Notes from today’s (9/23) Publicity Club of New York luncheon,
featuring five reporters/bloggers covering new media:
Nicholas (Nick) Carlson, editor, The Business Insider (TBI): Speed is vital for online
media. When he contacts a publicist, the story is already written; he is mostly seeking verification and supplemental
information. Embargoes are passé: He will honor them but not do the story because everyone will essentially
have the same story and he wants to break news. TBI brings together several previously separate sites, including “Silicon
Alley Insider.” They now appear as sections under the Business Insider umbrella. The site accepts 500-word
bylined pieces by outsiders.
Danny Shea,
media editor, Huffington Post: Material run in the media section separates into news and blogs.

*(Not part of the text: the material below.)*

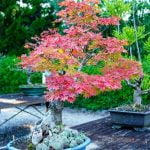 Quanto Costa Un Bonsai Di Un Metro Scopri quanto costa un bonsai di un metro e rendi il tuo giardino un'oasi zen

His focuses is news. He tries to break original news and is open to pitches. Last month Huffington Post recorded
two million comments—a first for the site and reflective of what he called an “active community.”
The section uses 750-1,000-word bylined pieces by outsiders.
Brian Stelter, reporter, New York Times: He was hired in 2007 to be one of the paper’s
first bloggers. “Every media reporter at The Times is essentially a digital reporter now,” he said.
Among the advantages the paper offers is its broad audience and multiple ways of reaching an audience. On the other
hand, there is a :”high threshold” for getting published, if only because an online item can suddenly become subsumed
by a larger story and so never see the light of day. Being in a blog, he noted, does not mean a story won’t also
appear in print: He uses the blog as a “breeding ground” or basis for pitching a related print story to his editors.
Rachel Sklar, editor at large, Mediaite:
This is a new position for Sklar, who used to write “Eat the Press” for Huffington Post. Mediaite is a new
site (launched just after the July 4 weekend) with an obviously cumbersome name. Sklar pronounced and spelled it more
than a few times to plant it firmly in her audience’s memory. It’s meant for people interested in media,
she said. The site accepts byline material written by outsiders. Her job is to recruit and edit columnists.
She is receptive to online pitches (“I hate the phone”) so long as they relate to what she covers (“I
tune out superfluous overtures like white noise.”). “Be useful,” she advised, and then “people
want to use you.”
David Kaplan,
correspondent, PaidContent: He covers advertising and deals mostly with inhouse, not agency people.
He likes short pitches and likes them by email. If he finds yours to be superfluous, he will block your future emails.
Event’s most interesting comment (from
Sklar): “The era of unverified information on blogs is over.”